Efficient Quantum Chemical Calculation of Structure Ensembles and Free Energies for Nonrigid Molecules

The application of quantum chemical, automatic multilevel modeling workflows for the determination of thermodynamic (e.g., conformation equilibria, partition coefficients, pK a values) and spectroscopic properties of relatively large, nonrigid molecules in solution is described. Key points are the computation of rather complete structure (conformer) ensembles with extremely fast but still reasonable GFN2-xTB or GFN-FF semiempirical methods in the CREST searching approach and subsequent refinement at a recently developed, accurate r(2)SCAN-3c DFT composite level. Solvation effects are included in all steps by accurate continuum solvation models (ALPB, (D)COSMO-RS).
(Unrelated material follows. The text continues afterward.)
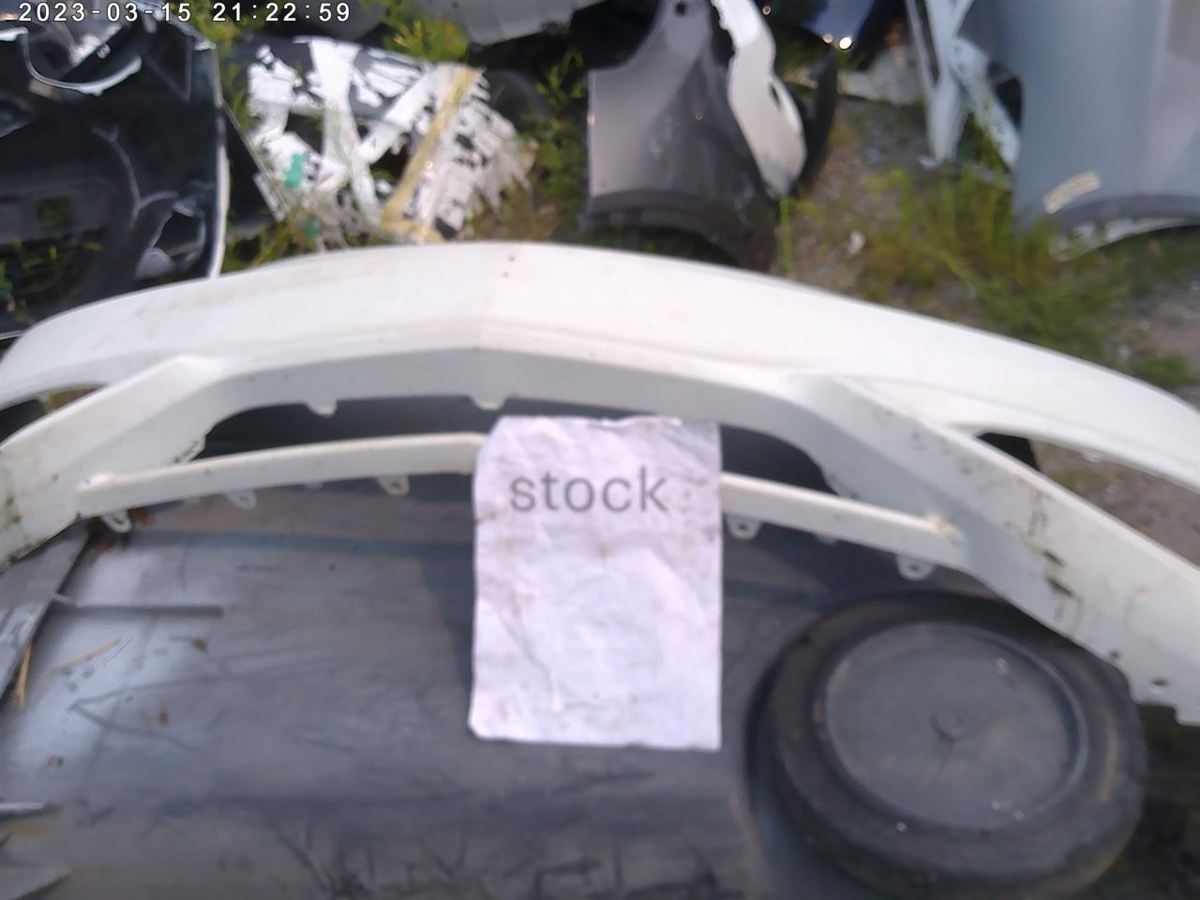 Refuerzo de defensa delantero usado original (OEM) Acura ILX 2016-2018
Consistent inclusion of thermostatistical contributions in the framework of the modified rigid-rotor-harmonic-oscillator approximation (mRRHO) based on xTB/FF computed PES is also recommended.

Automated summary

The study demonstrates the use of quantum chemical and automatic multilevel modeling workflows for determining thermodynamic and spectroscopic properties of relatively large, nonrigid molecules in solution. Key aspects include generating structure ensembles with fast but reasonable methods and refining them at a high level of accuracy.